講演する林教授 |
手書きする活動を通じて「3つの力=学習力、コミュニケーション力、創造力」を育成しようとする書育推進協議会(久米公会長)が8月19日、会員や学校関係者ら約80人が参加して都内で書育フォーラム2010を開催した。その中では先ごろ発表された常用漢字表改定について、文化審議会国語分科会長として会議に携わった林史典氏(現・聖徳大学教授)が講演した。
林氏は「情報化と漢字‐改定常用漢字表の意義」と題して、今回の改定までの推移(記事上の表)や改定の考え方、現場で指導する際の留意点などについて、次のように語った。
日本語の漢字は、一字ずつ意味を表わす漢字の特徴に加えて、日本独自の音訓が発達したことで、優れた表現力をもつ。古来、日本人は読み書き味わうことを教養の証しとしてきた。また「Literacy(能力)」の語源である「Literate」は「読み書き」を意味していることから、「読み書きは全ての学問の基礎、全ての学びにつながると言えるのではないか」として「書育」の重要性にも触れた。
終戦の翌年に告示された「当用漢字表」は国民社会共通の最小限で、公文書や新聞・雑誌で「使用する漢字の範囲」を示したもの。それから35年後の「常用漢字表」は「漢字使用の目安」であり、統制色があった当用漢字表では漢字の利点が生かしきれないという反省から作成されたという。

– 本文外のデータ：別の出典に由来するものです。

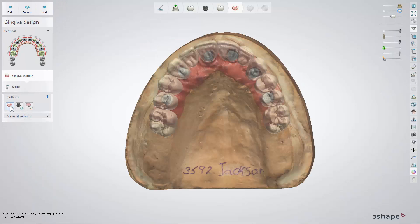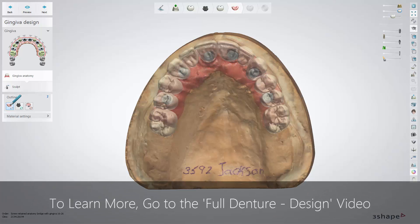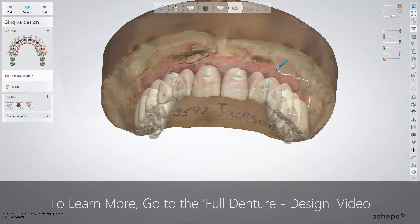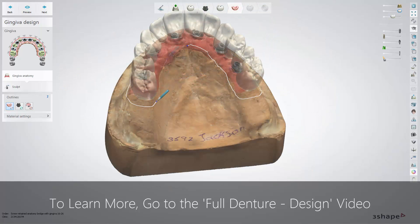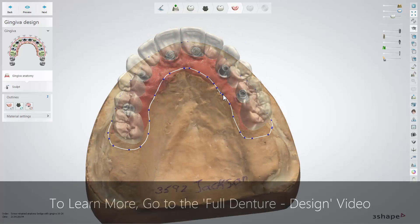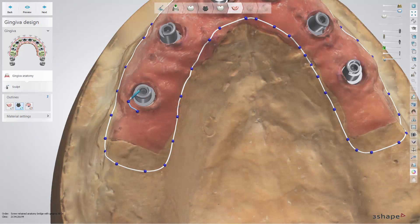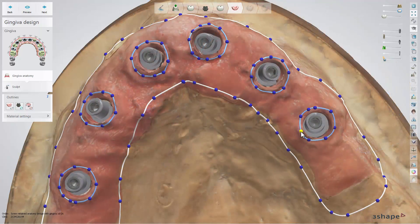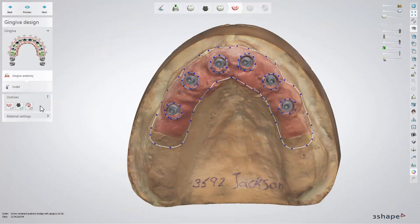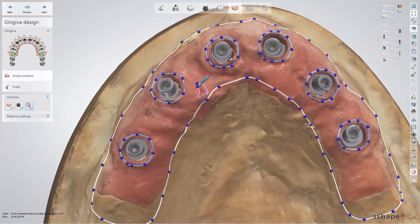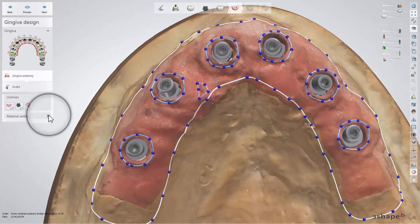Select Draw artificial Gingiva outline and then use the pencil icon to draw the Gingiva outline, which can be modified if needed. When the Gingiva is outlined, click on the Draw implant openings in artificial Gingiva button. Optionally, you can draw relief zones using the Draw relief zone button if necessary. All settings related to Gingiva can be set in the Material settings drop-down menu.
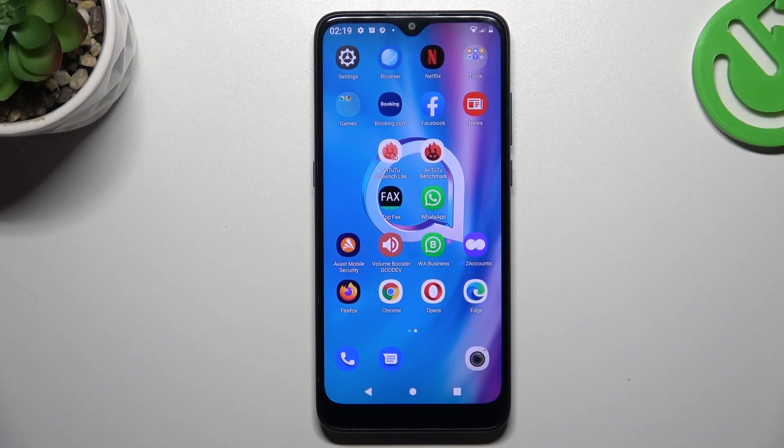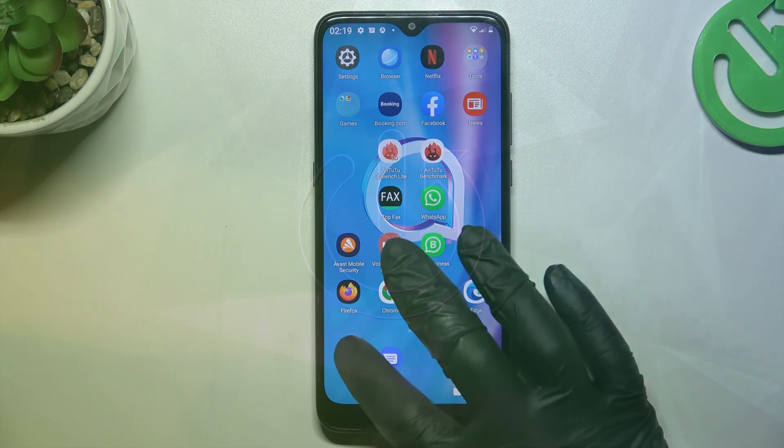Hello guys! Today I'm going to show you how you can set up a voicemail number in the Alcatel 1 SC Lite.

【漢字施策の推移】 ■「常用漢字表」見直し:5字削除、196字追加 |
今回の改定は、ワープロなど進展する情報化が時代背景。手書きの時代は「書ける文字」と「読める文字」がほぼイコールで「使える文字」だったことに比べ、現在は「読めるけど書けない」が増え、それも含めて「使える文字」の範囲も拡大している。
小中学校では(1)常用漢字の大体が読め(2)学年別漢字配当表の漢字を書ける、高校では(1)常用漢字が読め(2)主な常用漢字が書けるようになることなどが、学習指導要領での位置づけ。教育現場には、日本語の漢字の役割りについて理解を深め、興味と関心を持つような指導も期待したいとした。「言葉の習得と同じで、漢字は学校で教えられるものが全てではない、生涯を通じて習得するもの」、「あまり固く考えると無理が生じることもある」とまとめた。
「書育実践賞」新設
来年2月まで学校・家庭などの実践事例を募集
同会は学校、家庭、社会教育の場での優れた書育の実践事例を対象に、学校・教師、社会人などを顕彰する「書育実践賞」を創設した。募集は平成23年2月末まで。大賞1件、準大賞2件に賞金(大賞10万円、準大賞5万円)と副賞が贈られる。詳細は同会HPで近日掲載される。